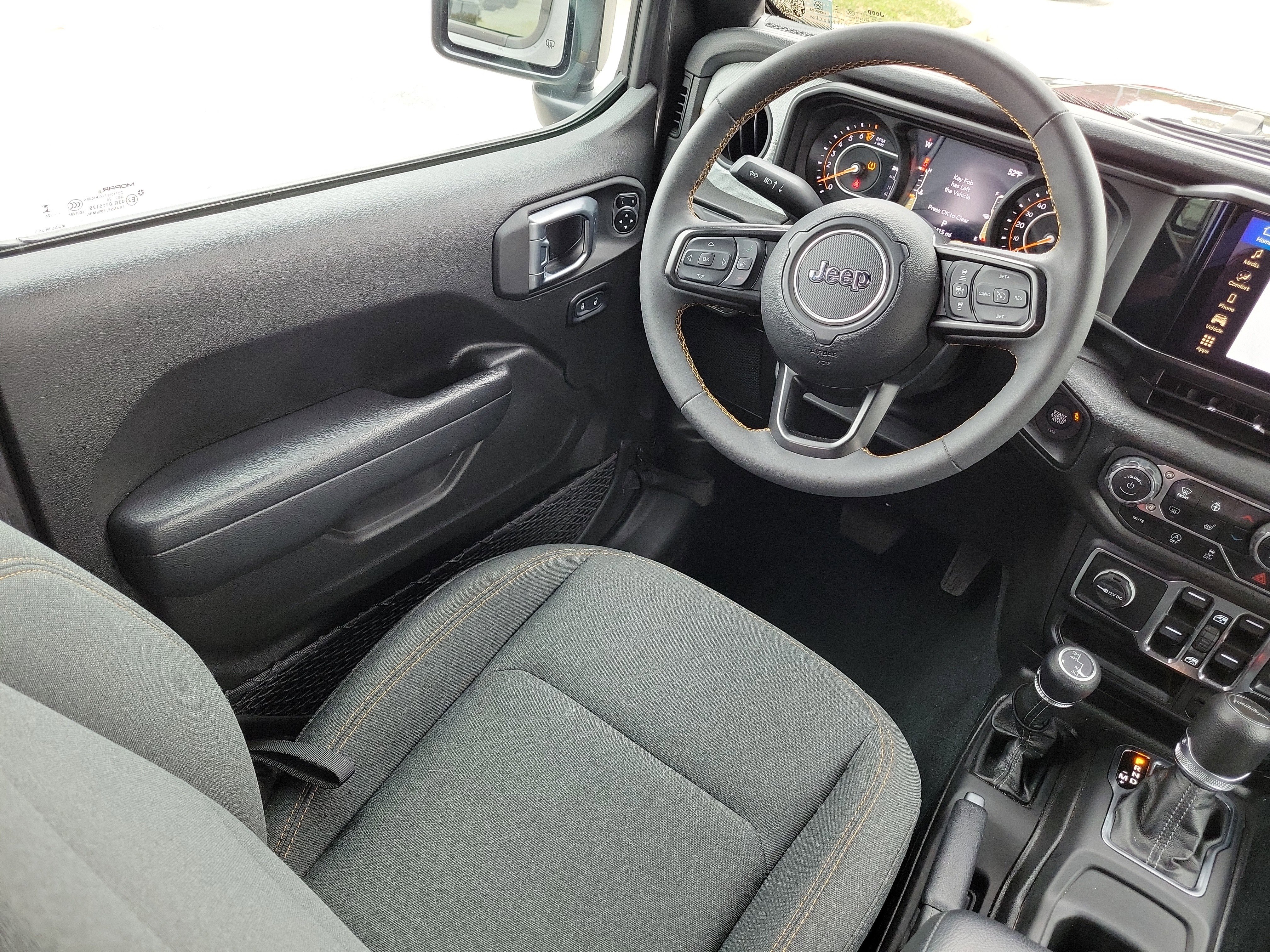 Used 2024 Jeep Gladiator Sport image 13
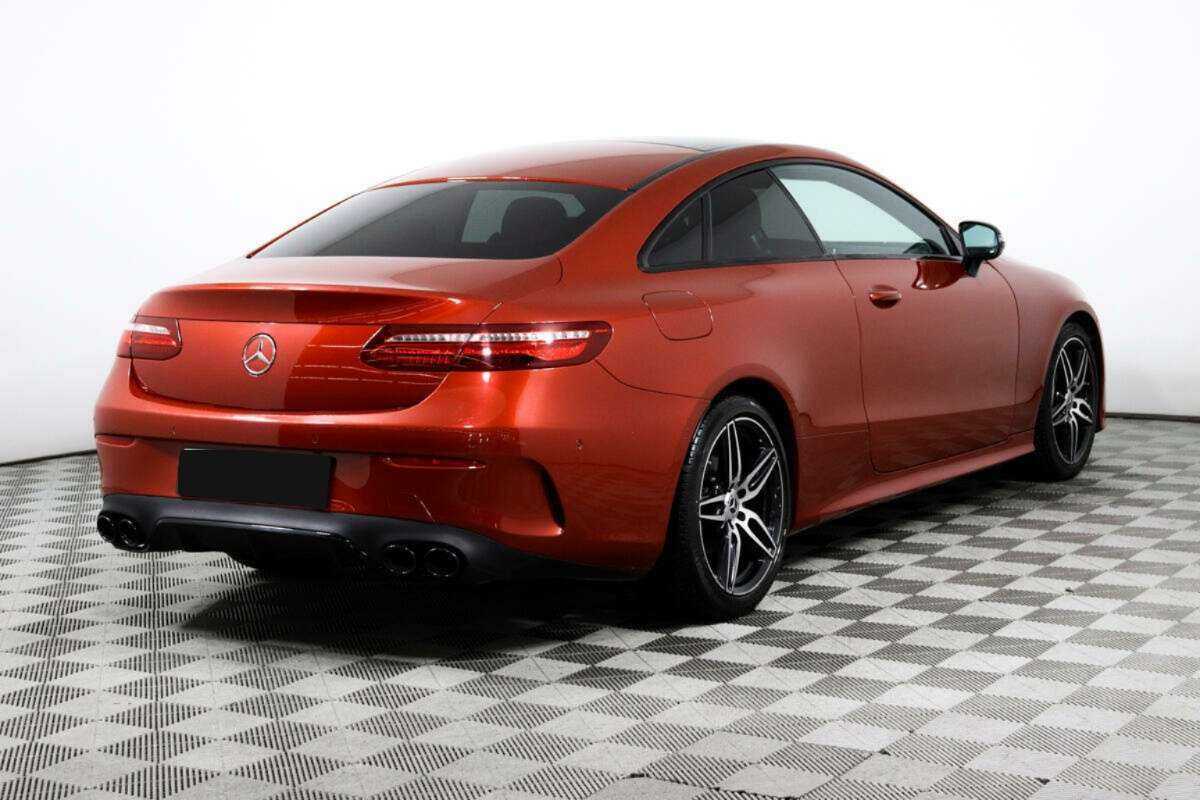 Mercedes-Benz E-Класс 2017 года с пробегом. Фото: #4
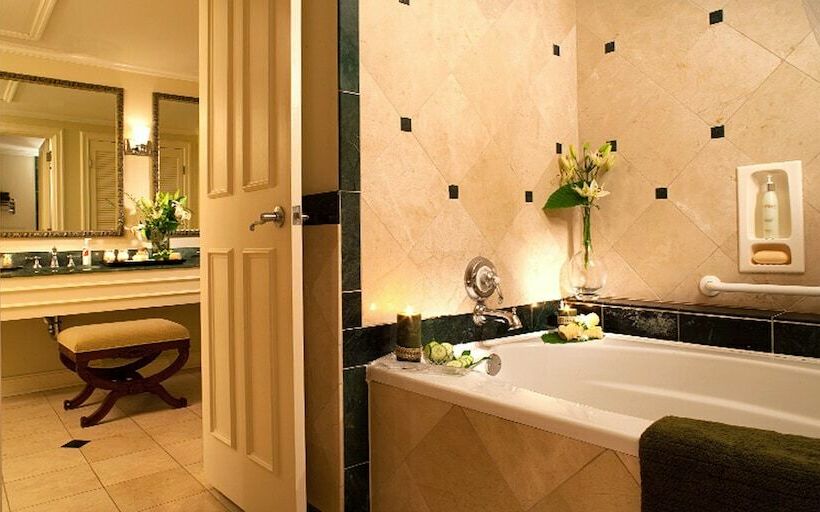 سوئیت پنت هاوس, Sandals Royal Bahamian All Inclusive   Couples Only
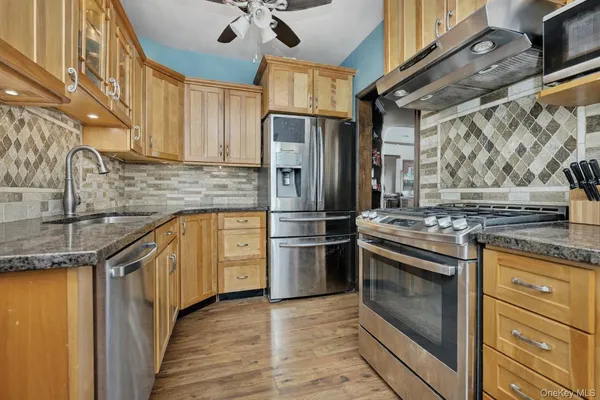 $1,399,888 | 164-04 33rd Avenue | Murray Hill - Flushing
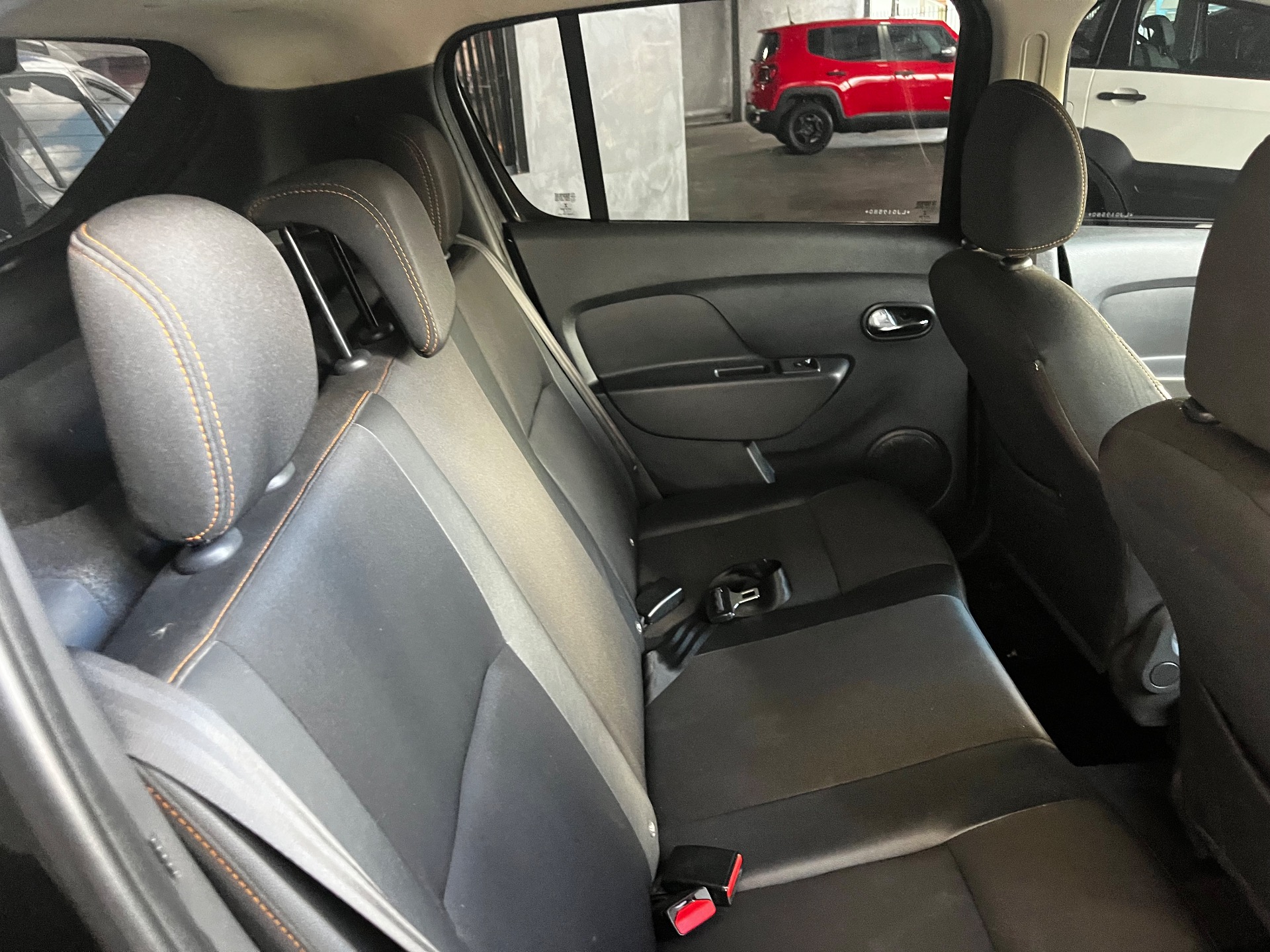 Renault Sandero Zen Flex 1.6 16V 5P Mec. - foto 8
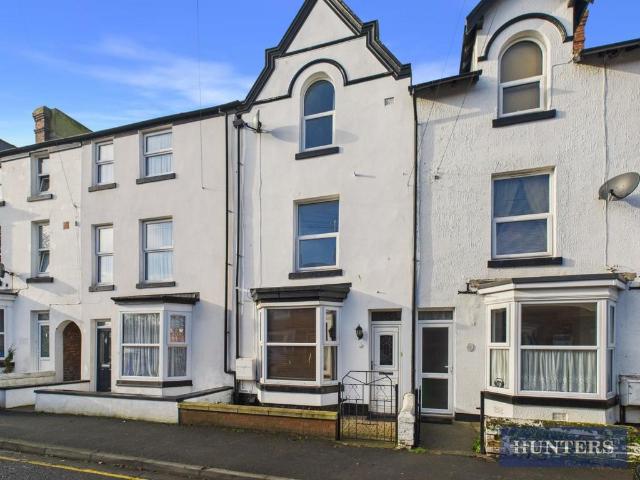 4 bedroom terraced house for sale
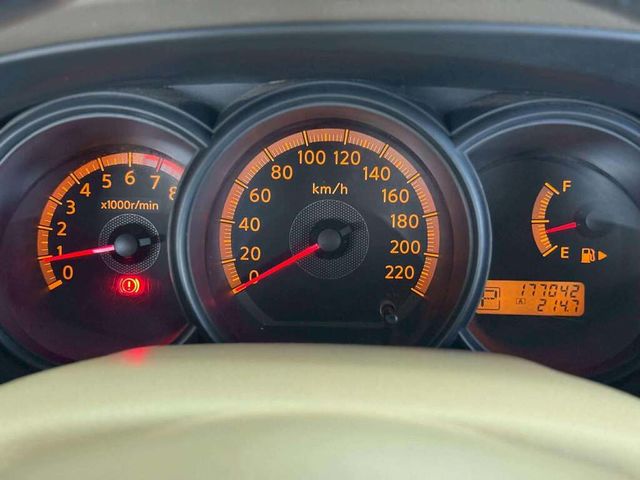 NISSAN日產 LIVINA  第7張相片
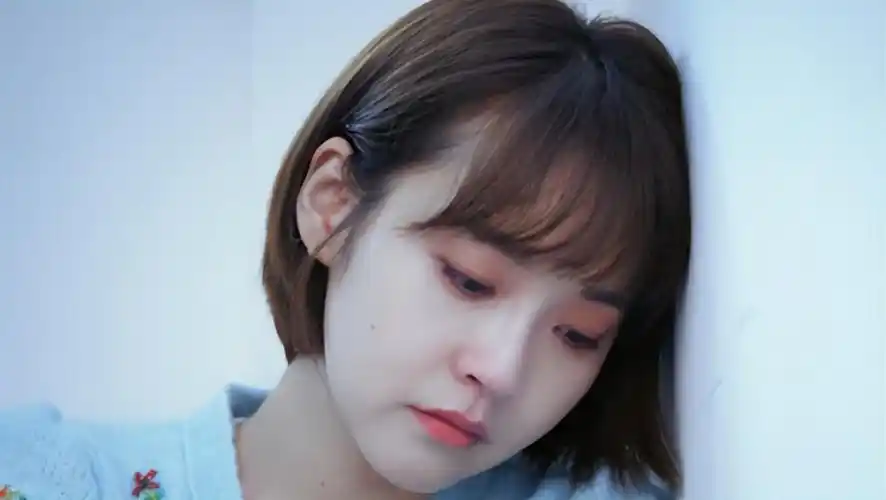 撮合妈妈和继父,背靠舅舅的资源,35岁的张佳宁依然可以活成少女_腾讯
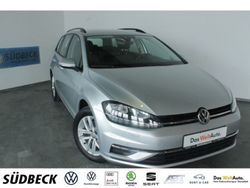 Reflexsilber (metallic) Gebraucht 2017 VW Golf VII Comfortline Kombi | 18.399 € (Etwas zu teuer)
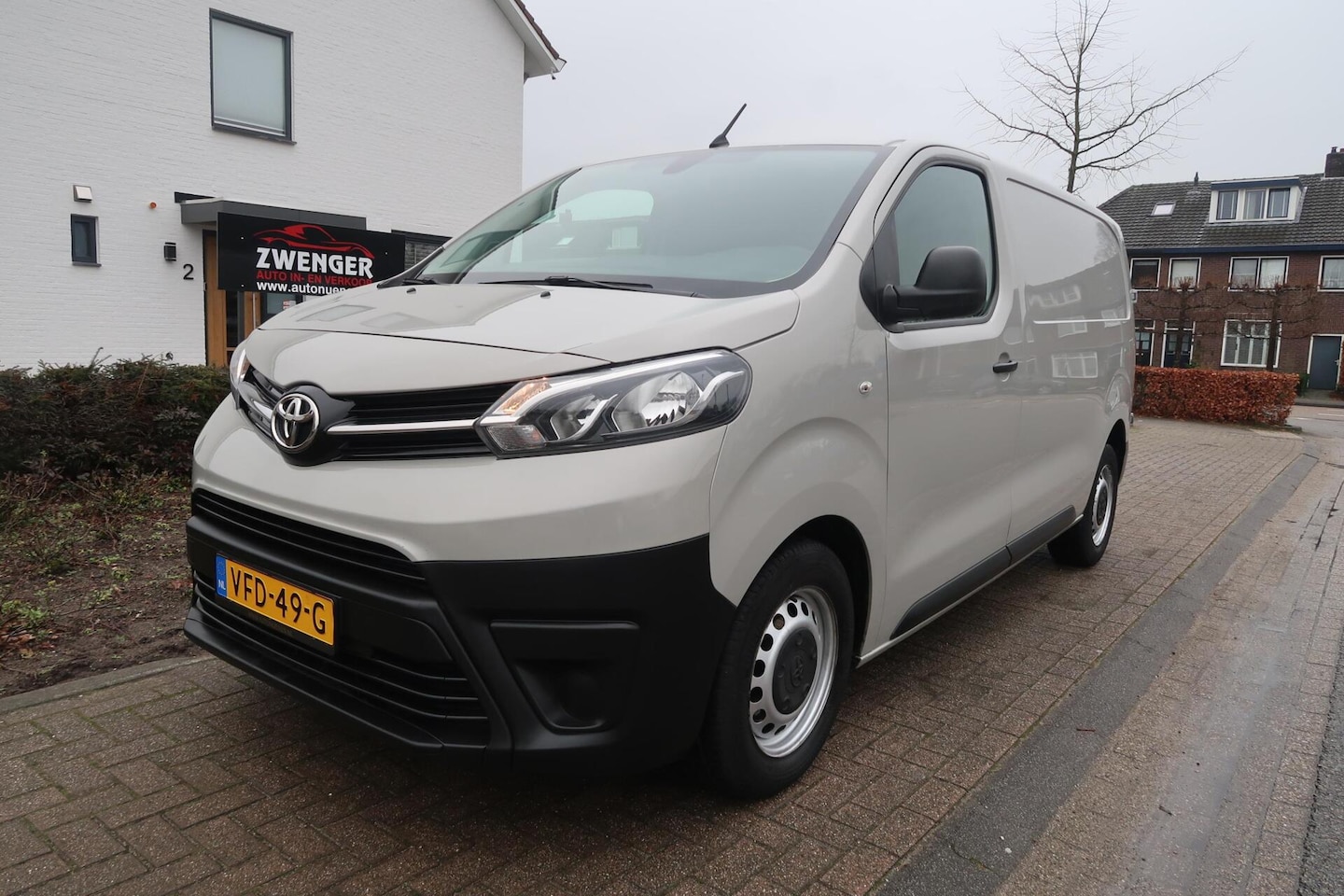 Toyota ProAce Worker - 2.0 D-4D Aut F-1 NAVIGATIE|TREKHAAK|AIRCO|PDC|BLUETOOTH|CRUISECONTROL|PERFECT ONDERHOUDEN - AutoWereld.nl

◆ ◆ ◆ ◆ ◆ ◆ ◆

:: WORK REQUEST ::
Where an entry contains an image, leave the image out; otherwise retype everything exactly.

:: TASK OUTPUT ::
 Used 2024 Jeep Gladiator Sport image 13
 Mercedes-Benz E-Класс 2017 года с пробегом. Фото: #4
 سوئیت پنت هاوس, Sandals Royal Bahamian All Inclusive   Couples Only
 $1,399,888 | 164-04 33rd Avenue | Murray Hill - Flushing
 Renault Sandero Zen Flex 1.6 16V 5P Mec. - foto 8
 4 bedroom terraced house for sale
 NISSAN日產 LIVINA  第7張相片
 撮合妈妈和继父,背靠舅舅的资源,35岁的张佳宁依然可以活成少女_腾讯
 Reflexsilber (metallic) Gebraucht 2017 VW Golf VII Comfortline Kombi | 18.399 € (Etwas zu teuer)
 Toyota ProAce Worker - 2.0 D-4D Aut F-1 NAVIGATIE|TREKHAAK|AIRCO|PDC|BLUETOOTH|CRUISECONTROL|PERFECT ONDERHOUDEN - AutoWereld.nl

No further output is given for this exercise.